*What you have to do*
Exclude the pictures, then copy word for word the lines running from the beginning of the records through the line with "Personengruppe sitzt um".
Data provided: Begin
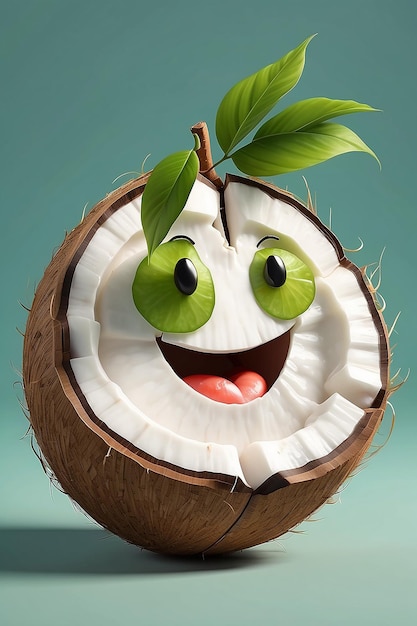 Cartoon coconut fruit with a happy face and a green leaf on top generative ai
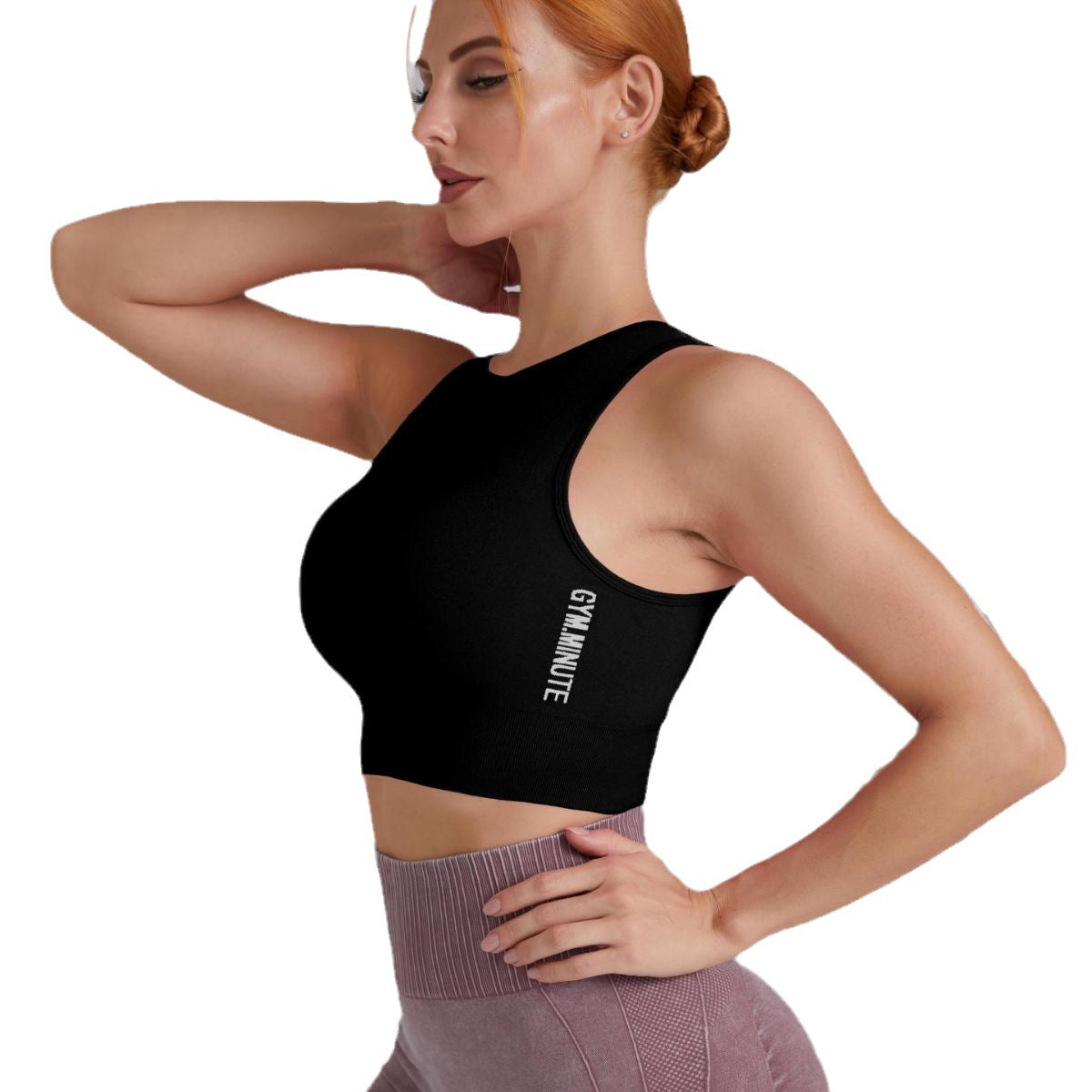 Yoga vest without chest pad breathable shock-proof running top back quick drying fitness wear sleeveless T-shirt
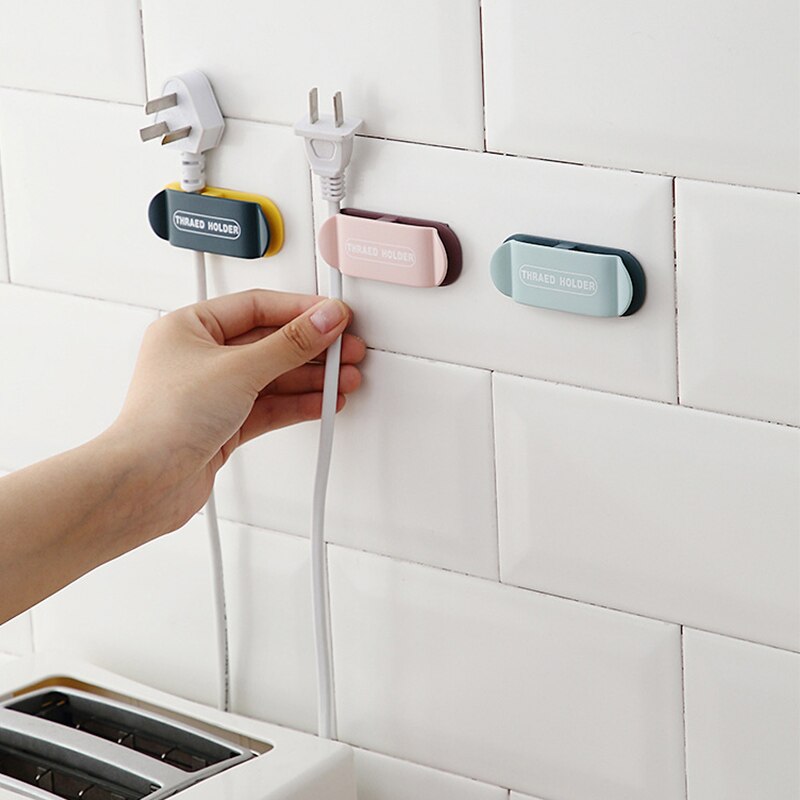 4 Stk/set Muur Opslag Haak Stekker Socket Houder Keuken Stealth Haak Muur Hanger Stekker Houder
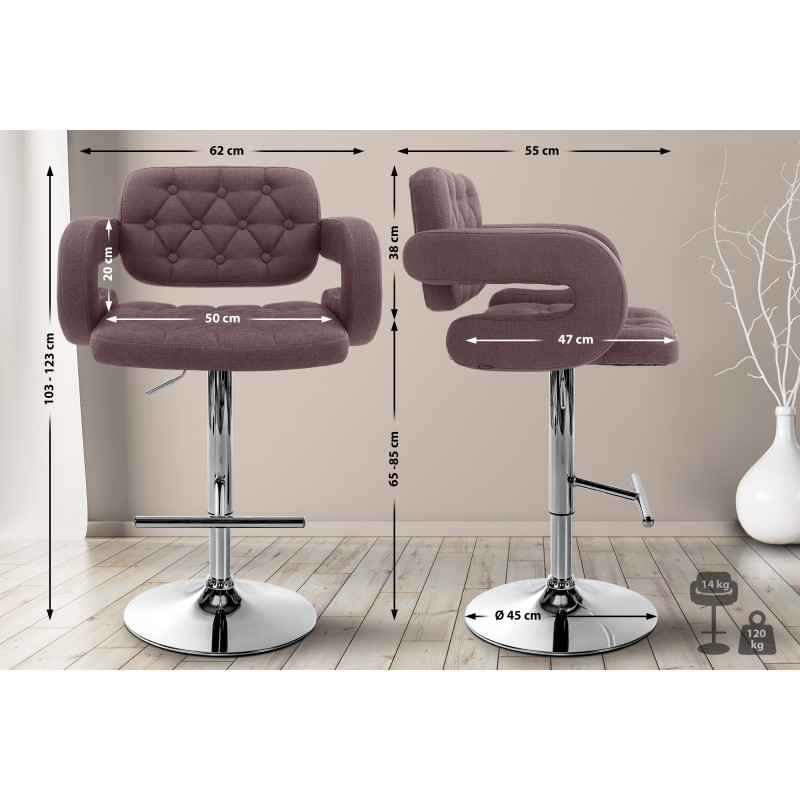 Tabouret de bar Dublin FABRIC C brun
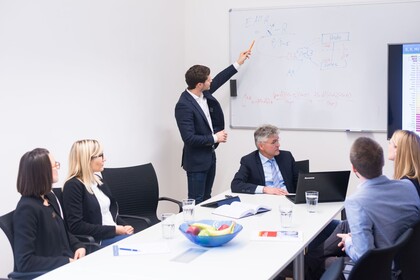 Personengruppe sitzt um Tisch, jemand erklärt Darstellungen an Whiteboard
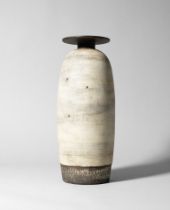 Hans Coper Important tall bottle vase with disc, circa 1968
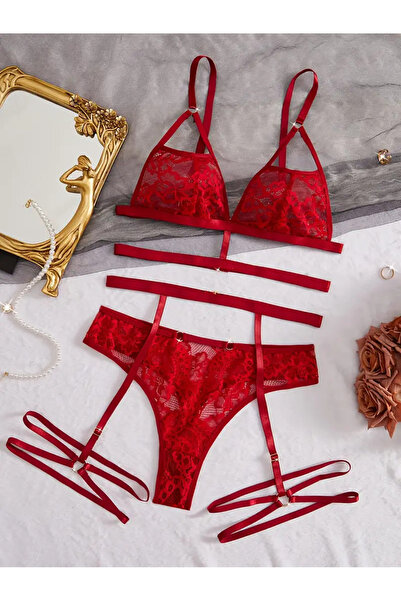 OBRO Sexy Lingerie Set - Red Lace Bra, Garter Belt & Thong Panty + Gift Wrapping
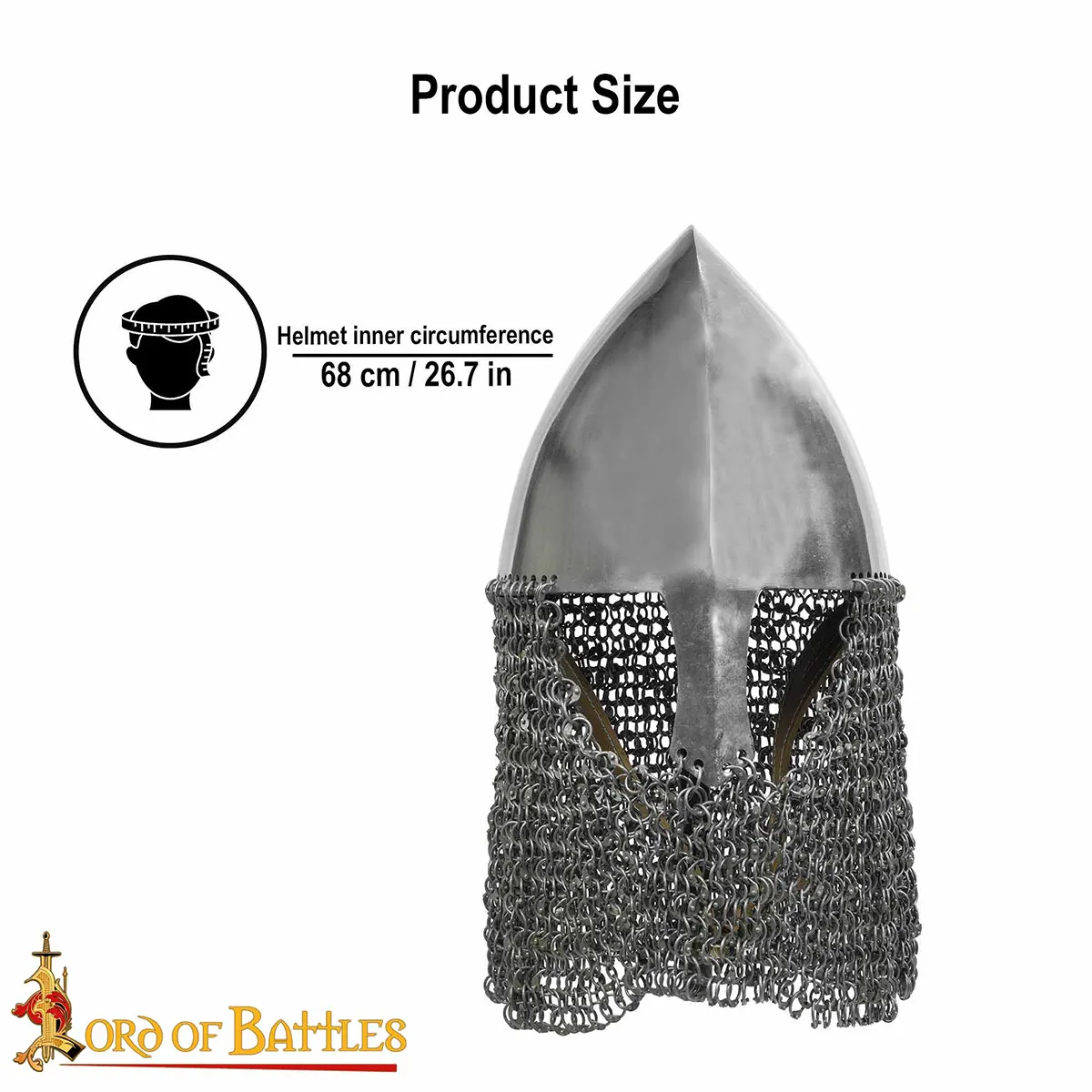 Olmutz Nasal 11th Century Helmet with Chainmail Camail 12 gauge - Image 3
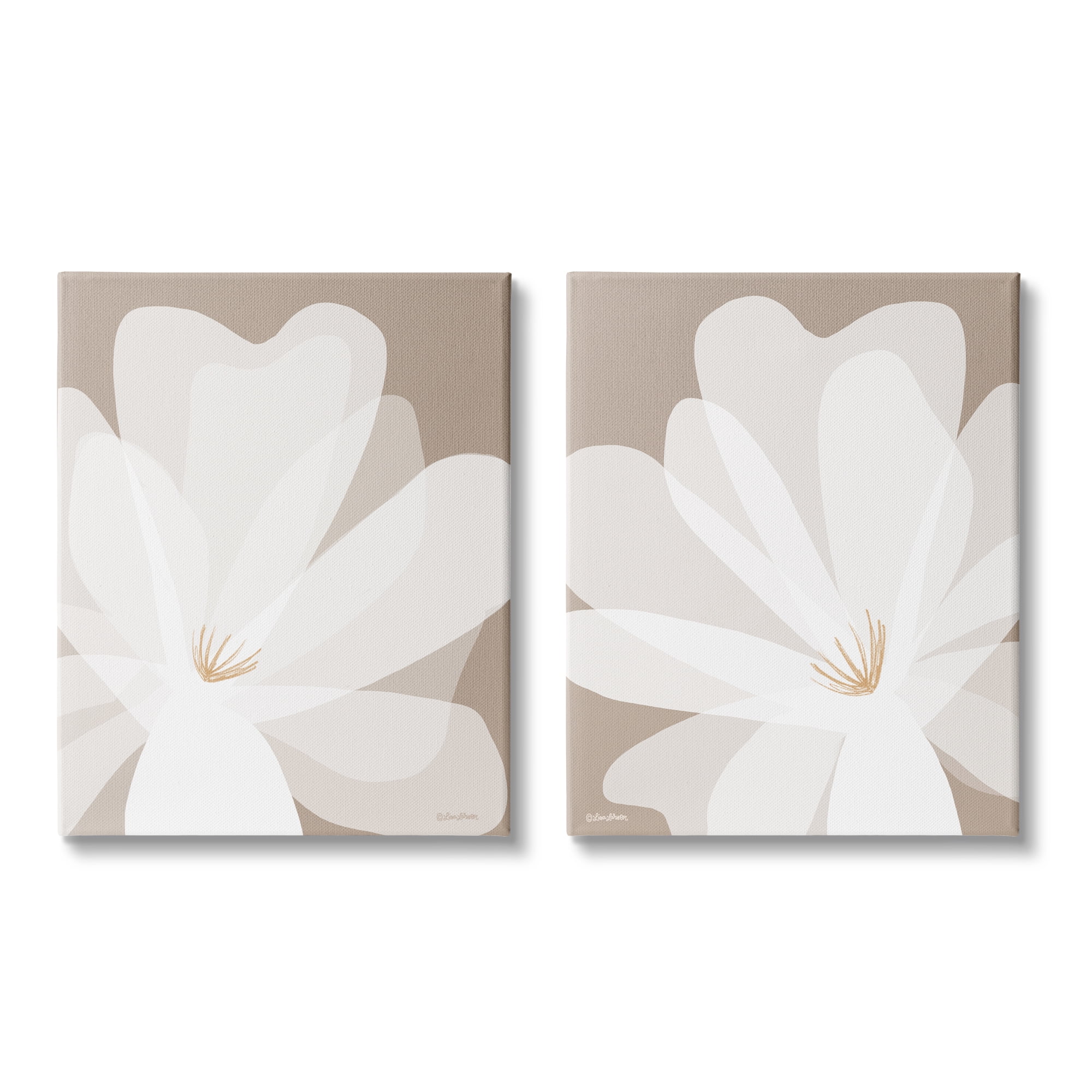 Stupell Industries White Boho Flowers Botanical & Floral Painting Gallery Wrapped Canvas Art Print Wall Art, 16 x 20, Set of 2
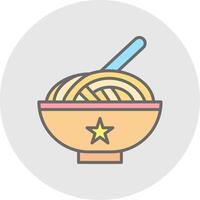 Spaghetti Line Filled Light Icon vector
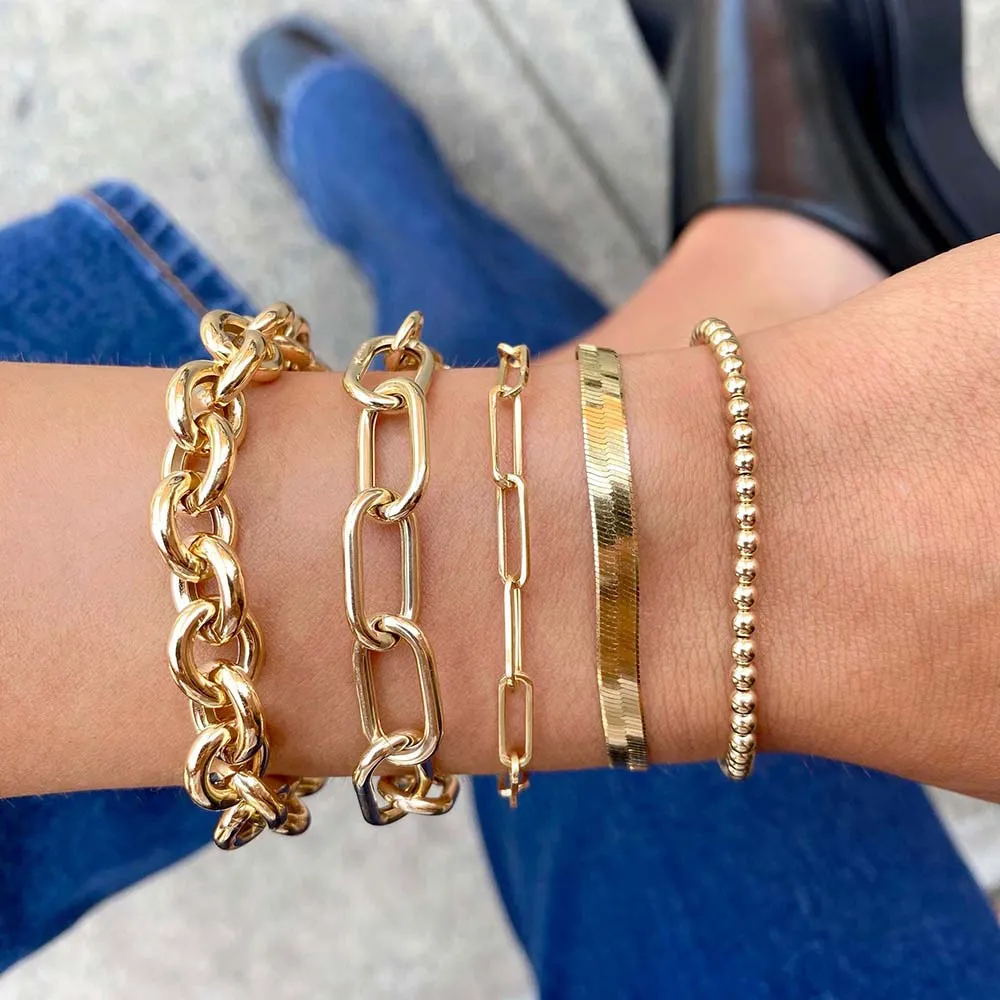 Hollow Rounded Rolo Bracelet 14K sold by Adina Eden's product image thumbnail 3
Data provided: End
*Output below*
 Cartoon coconut fruit with a happy face and a green leaf on top generative ai
 Yoga vest without chest pad breathable shock-proof running top back quick drying fitness wear sleeveless T-shirt
 4 Stk/set Muur Opslag Haak Stekker Socket Houder Keuken Stealth Haak Muur Hanger Stekker Houder
 Tabouret de bar Dublin FABRIC C brun
 Personengruppe sitzt um Tisch, jemand erklärt Darstellungen an Whiteboard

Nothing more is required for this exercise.